Speaker
Mr
Jose Luis Vazquez-Poletti
(Universidad Complutense de Madrid (Spain))
Description
Plasma heating in magnetic confinement fusion devices can be performed by launching a
microwave beam with frequency in the range of the cyclotron frequency of either ions
or electrons, or close to one of their harmonics. The Electron Cyclotron Resonance
Heating (ECRH) is characterized by the small size of the wavelength that allows one
to study the wave properties using the geometrical optics approximations. This means
that the microwave beam can be simulated by a large amount of rays. If there is no
critical plasma layer (like cut off or resonance) close to the beam waist, it is
possible to use the far field approximation and the beam can be simulated by a bunch
of one or two hundred rays, which can be performed in a cluster. However, if the beam
waist is closed to the critical layer and the heating method uses Electron Bernstein
Waves (EBW), the number of rays needed is much larger. Being all the ray computations
independent, this problem is well suited to be solved in the grid relying on the EGEE
infrastructure [1].
We have developed a MRT (Massive Ray Tracing) framework using the lcg2.1.69 User
Interface C++ API. It sends over the grid the single ray tracing application (called
Truba [2]) which performs the tracing of a single ray. This framework works in the
following way: First of all, a launcher script generates the JDL files needed. Then,
the MRT framework launches all the single ray tracing jobs simultaneously,
periodically querying each job's state. And finally, it retrieves the job's output.

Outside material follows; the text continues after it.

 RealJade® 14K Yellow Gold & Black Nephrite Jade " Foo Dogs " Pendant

We performed several experiments in the SWETEST VO with a development version of
Truba, whose average execution time on a Pentium 4 3.20 GHz is 9 minutes. Truba's
executable file size is 1.8 MB, input file size is 70 KB, and output file size is
about 549 KB. In the SWETEST VO, there were resources from the following sites: LIP
(16 nodes, Intel Xeon CPU 2.80 GHz), IFIC (117 nodes, AMD Athlon 1.2 Ghz), PIC (69
nodes, Intel Pentium 4 2.80 GHz), USC (100 nodes, Intel Pentium III 1133 MHz), IFAE
(11 nodes, Intel Pentium 4 2.80 GHz) and UPV (24 nodes, Pentium III). All Spanish
sites are connected by RedIRIS, the Spanish Research and Academic Network. The
minimum link bandwidth is 622 Mbps and the maximum, 2.5 Gbps.

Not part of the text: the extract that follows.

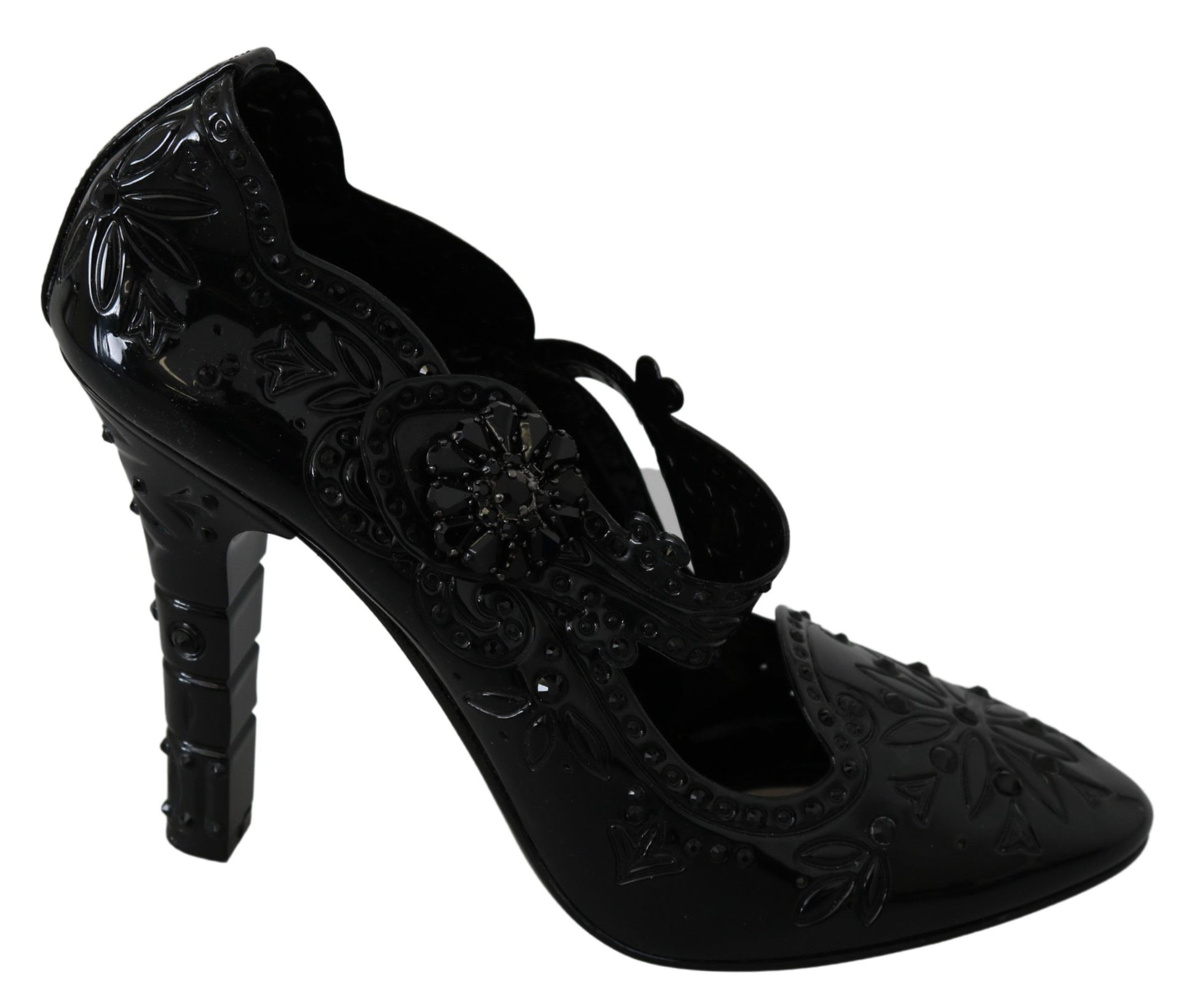 Black high heel shoe with decorative design on top and side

The MRT framework traced 50 rays and it took an overall time of 88 minutes. In this
case, we analyzed the following parameters: execution time (how much time took Truba
to be executed in the remote resource not including queue time), transfer time,
overhead (how much overhead is introduced by the Grid and the framework itself due to
all the inner nodes and stages the job passes through) and productivity (number of
jobs per time unit). The average execution time was 10.09 minutes and its standard
deviation was 2.97 minutes (this is due to the resource heterogeneity). The average
transfer time was 0.5 minutes and its standard deviation was 0.12 minutes (this is
due to dynamic network bandwidth). The average overhead was 29.38 minutes. Finally,
the productivity was 34.09 rays/hour.
Nevertheless, we found the lack of opportunistic migration (some jobs remained
“Scheduled” for too long) and fault tolerance mechanisms (specially during submission
using Job Collections, retrieving output and some “Ready” status that were really
“Failed” and took too long to be rescheduled) as limitations of the LCG-2
infrastructure (some of the nodes marked by the GOC as “OK” were not). Even, problems
handling Job Collections and submitting more than 80 jobs were found.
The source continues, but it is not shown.